Under the European Union’s Single Use Plastic Directive, by 2025, Ireland must separately collect 77% of plastic beverage bottles placed on the market. This target will rise to an ambitious 90% in 2029.

As a result, the new deposit scheme has been introduced to ensure Ireland can reach these targets.

After February 1st, consumers will be asked to pay a refundable deposit when buying bottles and cans with the re-turn logo on them – ranging from 15 cent to 25 cent, depending on size. The 15c deposit will apply to containers of 500mls or less, and a deposit of 25c for each container over 500ml to three litres.

Consumers will receive the deposit back when they return the bottle or can to a designated return point. These return points, which will be either manual or the ‘reverse vending machines’, will be located shops which sell these products.

According to the government, the new scheme will be a ‘circular economy game-changer’ for Ireland, shifting from ‘take, make, dispose’ to returning valuable materials and maximising their use by creating a circular system for high-value plastics and cans. The government estimates that currently, only 60–70% of bottles and cans are recycled.

It says this is due to several factors, including containers being disposed of in general waste bins, containers being discarded, or ending up in landfills due to contamination in the recycling bin. It is estimated that Ireland consumes two billion cans and bottles annually.

The missing 30%, which equates to approximately 600 million containers, goes unrecycled. But, of course, there are no figures for the numbers which are discarded along ditches and on roadsides – a number which seems to be increasing all the time.

There is no talk, either, in all the government publicity documents on the new scheme, if there is any expected increase in the amount of fly-tipping of plastic bottles and cans, if consumers are now expected to dispose of them in shops and other retailers.

They do say that deposit return schemes are a proven success in over 40 other jurisdictions around the world, including 13 countries in Europe. But do other countries have the challenges faced by Ireland, including very reduced operating hours for recycling and waste disposal facilities and very poor resourcing of litter management?

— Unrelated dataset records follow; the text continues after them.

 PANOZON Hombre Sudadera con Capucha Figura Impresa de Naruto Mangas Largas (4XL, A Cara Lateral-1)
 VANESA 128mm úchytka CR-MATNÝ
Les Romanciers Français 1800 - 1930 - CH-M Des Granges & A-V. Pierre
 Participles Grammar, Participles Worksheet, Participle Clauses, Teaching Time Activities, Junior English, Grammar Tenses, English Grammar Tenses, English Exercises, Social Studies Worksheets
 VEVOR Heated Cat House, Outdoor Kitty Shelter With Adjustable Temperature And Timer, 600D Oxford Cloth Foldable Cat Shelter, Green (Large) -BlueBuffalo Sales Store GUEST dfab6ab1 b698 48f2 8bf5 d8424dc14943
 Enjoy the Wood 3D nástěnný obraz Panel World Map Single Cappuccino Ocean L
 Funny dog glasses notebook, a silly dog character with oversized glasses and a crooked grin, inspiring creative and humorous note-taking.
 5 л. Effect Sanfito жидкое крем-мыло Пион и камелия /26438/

While consumers will be able to continue to recycle other plastics and cardboard as normal, they will need a new bin for these new plastic bottles, and for aluminium and steel cans between 150ml and 3 litres. That means there will be no deposit returned unless they are then physically brought to back to the local retailer to get the refund.

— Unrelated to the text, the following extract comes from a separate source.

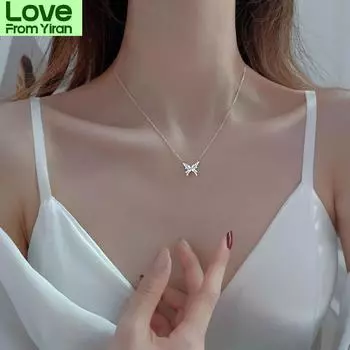 Ожерелье с подвеской в виде бабочки из стерлингового серебра 925 пробы с блестящим цирконием, изысканная простая цепочка на ключицу, подарок другу на день рождения, ювелирные изделия 45cm золотой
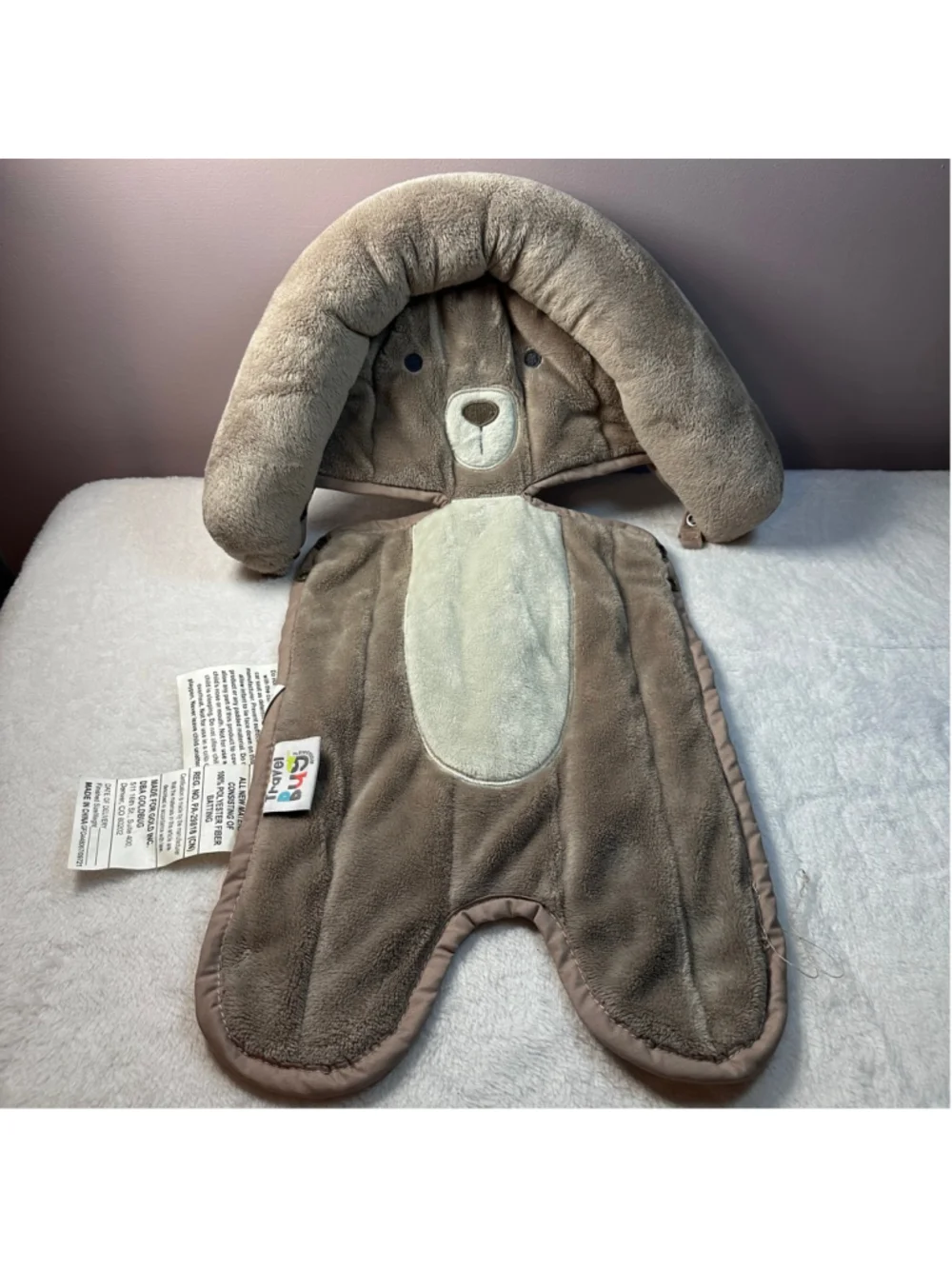 Goldbug Bear Car Seat Head Support Baby Infant Insert Brown Beige Plush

If these new bottles and cans are thrown out with the rest of the recycling, then there will be no deposit returned, obviously. But what happens if a consumer makes the effort of going to one of these retailers only to find them closed, or the machine full?

Is there a back-up plan – eg extra storage capabilities on the retailer’s site, or an outside storage area for out-of-hours returns?

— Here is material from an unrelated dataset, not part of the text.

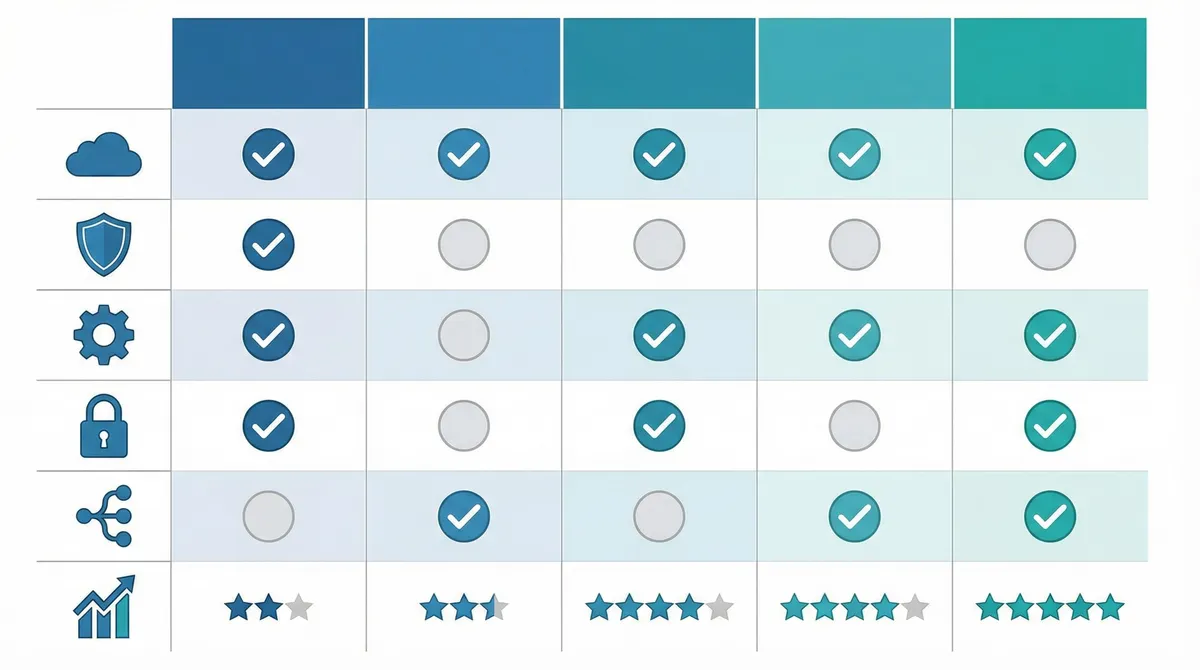 Comparison chart showing RSOC network features and requirements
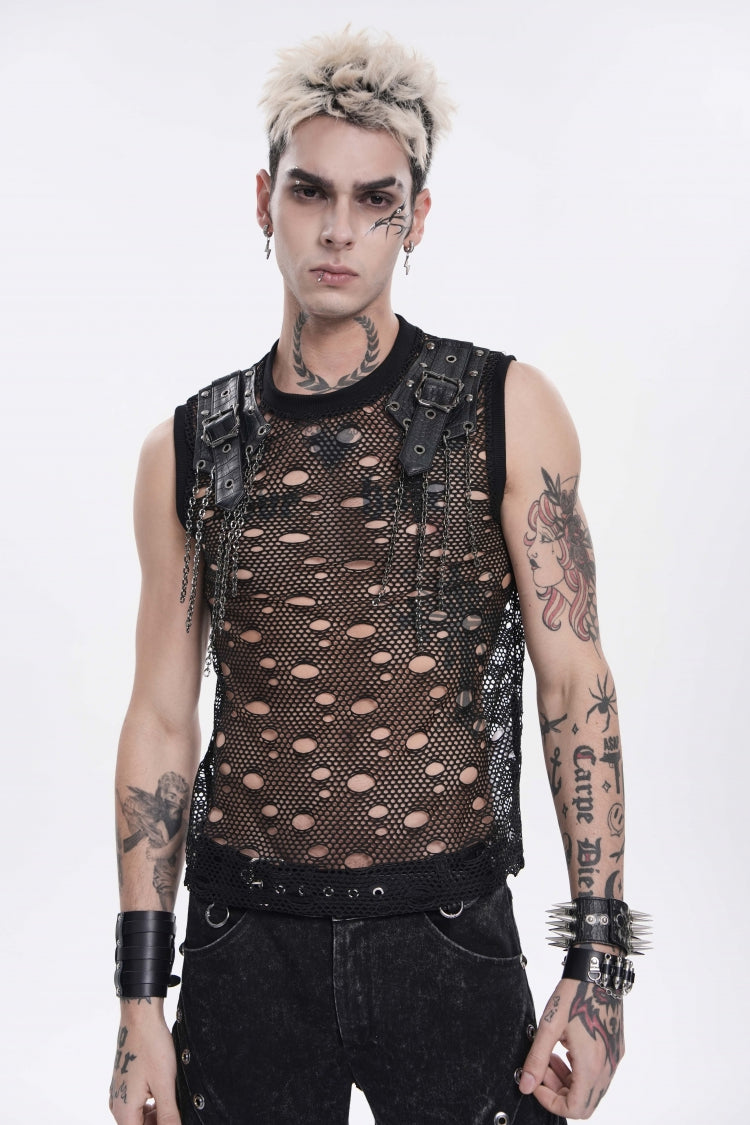 Black Round Collar Sleeveless Cut-Out Mesh Ripped Chain-Decorated Eyelet Men's Punk Cool Vest - Black - 1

Because the alternative is an even greater increase in fly-tipping on our roadsides. And fly-tipping has a direct effect on tourism, and therefore local economies, and yet we spend so very little time or resources, in this country, on keeping our roadsides and town centres clean, compared with many countries on the continent.

Let’s hope this new initiative has been very well thought-out and won’t lead to even more headaches and clean-ups for our already over-worked Tidy Towns committees.